CUDAExecutionProvider
Installation
Provided the CUDA and cuDNN requirements are satisfied, install the additional dependencies by running
pip install optimum[onnxruntime-gpu]
To avoid conflicts between onnxruntime
and onnxruntime-gpu
, make sure the package onnxruntime
is not installed by running pip uninstall onnxruntime
prior to installing Optimum.
Checking the installation is successful
Before going further, run the following sample code to check whether the install was successful:
from optimum.onnxruntime import ORTModelForSequenceClassification
from transformers import AutoTokenizer
ort_model = ORTModelForSequenceClassification.from_pretrained(
"philschmid/tiny-bert-sst2-distilled",
from_transformers=True,
provider="CUDAExecutionProvider",
)
tokenizer = AutoTokenizer.from_pretrained("philschmid/tiny-bert-sst2-distilled")
inputs = tokenizer("expectations were low, actual enjoyment was high", return_tensors="pt", padding=True)
outputs = ort_model(**inputs)
assert ort_model.providers == ["CUDAExecutionProvider", "CPUExecutionProvider"]
In case this code runs gracefully, congratulations, the installation is successful! If you encounter the following error or similar,
ValueError: Asked to use CUDAExecutionProvider as an ONNX Runtime execution provider, but the available execution providers are ['CPUExecutionProvider'].
then something is wrong with the CUDA or ONNX Runtime installation.
Use CUDA execution provider with floating-point models
For non-quantized models, the use is straightforward. Simply specify the provider
argument in the ORTModel.from_pretrained()
method. Here’s an example:
from optimum.onnxruntime import ORTModelForSequenceClassification
ort_model = ORTModelForSequenceClassification.from_pretrained(
"distilbert-base-uncased-finetuned-sst-2-english",
from_transformers=True,
provider="CUDAExecutionProvider",
)
The model can then be used with the common 🤗 Transformers API for inference and evaluation, such as pipelines.
When using Transformers pipeline, note that the device
argument should be set to perform pre- and post-processing on GPU, following the example below:
from optimum.pipelines import pipeline
from transformers import AutoTokenizer
tokenizer = AutoTokenizer.from_pretrained("distilbert-base-uncased-finetuned-sst-2-english")
pipe = pipeline(task="text-classification", model=ort_model, tokenizer=tokenizer, device="cuda:0")
result = pipe("Both the music and visual were astounding, not to mention the actors performance.")
print(result)
# printing: [{'label': 'POSITIVE', 'score': 0.9997727274894714}]

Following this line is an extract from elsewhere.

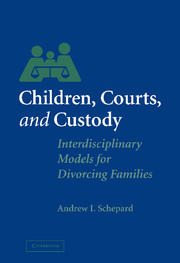 Children, Courts, and Custody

Additionally, you can pass the session option log_severity_level = 0
(verbose), to check whether all nodes are indeed placed on the CUDA execution provider or not:
import onnxruntime
session_options = onnxruntime.SessionOptions()
session_options.log_severity_level = 0
ort_model = ORTModelForSequenceClassification.from_pretrained(
"distilbert-base-uncased-finetuned-sst-2-english",
from_transformers=True,
provider="CUDAExecutionProvider",
session_options=session_options
)
You should see the following logs:
2022-10-18 14:59:13.728886041 [V:onnxruntime:, session_state.cc:1193 VerifyEachN
odeIsAssignedToAnEp] Provider: [CPUExecutionProvider]: [Gather (Gather_76), Uns
queeze (Unsqueeze_78), Gather (Gather_97), Gather (Gather_100), Concat (Concat_1
10), Unsqueeze (Unsqueeze_125), ...]
2022-10-18 14:59:13.728906431 [V:onnxruntime:, session_state.cc:1193 VerifyEachN
odeIsAssignedToAnEp] Provider: [CUDAExecutionProvider]: [Shape (Shape_74), Slic
e (Slice_80), Gather (Gather_81), Gather (Gather_82), Add (Add_83), Shape (Shape
_95), MatMul (MatMul_101), ...]
In this example, we can see that all the costly MatMul operations are placed on the CUDA execution provider.
Use CUDA execution provider with quantized models
Due to current limitations in ONNX Runtime, it is not possible to use quantized models with CUDAExecutionProvider
. The reasons are as follows:
When using 🤗 Optimum dynamic quantization, nodes as
MatMulInteger
,DynamicQuantizeLinear
may be inserted in the ONNX graph, that cannot be consumed by the CUDA execution provider.When using static quantization, the ONNX computation graph will contain matrix multiplications and convolutions in floating-point arithmetic, along with Quantize + Dequantize operations to simulate quantization. In this case, although the costly matrix multiplications and convolutions will be run on the GPU, they will use floating-point arithmetic as the
CUDAExecutionProvider
can not consume the Quantize + Dequantize nodes to replace them by the operations using integer arithmetic.
Reduce memory footprint with IOBinding
IOBinding is an efficient way to avoid expensive data copying when using GPUs. By default, ONNX Runtime will copy the input from the CPU (even if the tensors are already copied to the targeted device), and assume that outputs also need to be copied back to the CPU from GPUs after the run. These data copying overheads between the host and devices are expensive, and can lead to worse inference latency than vanilla PyTorch especially for the decoding process.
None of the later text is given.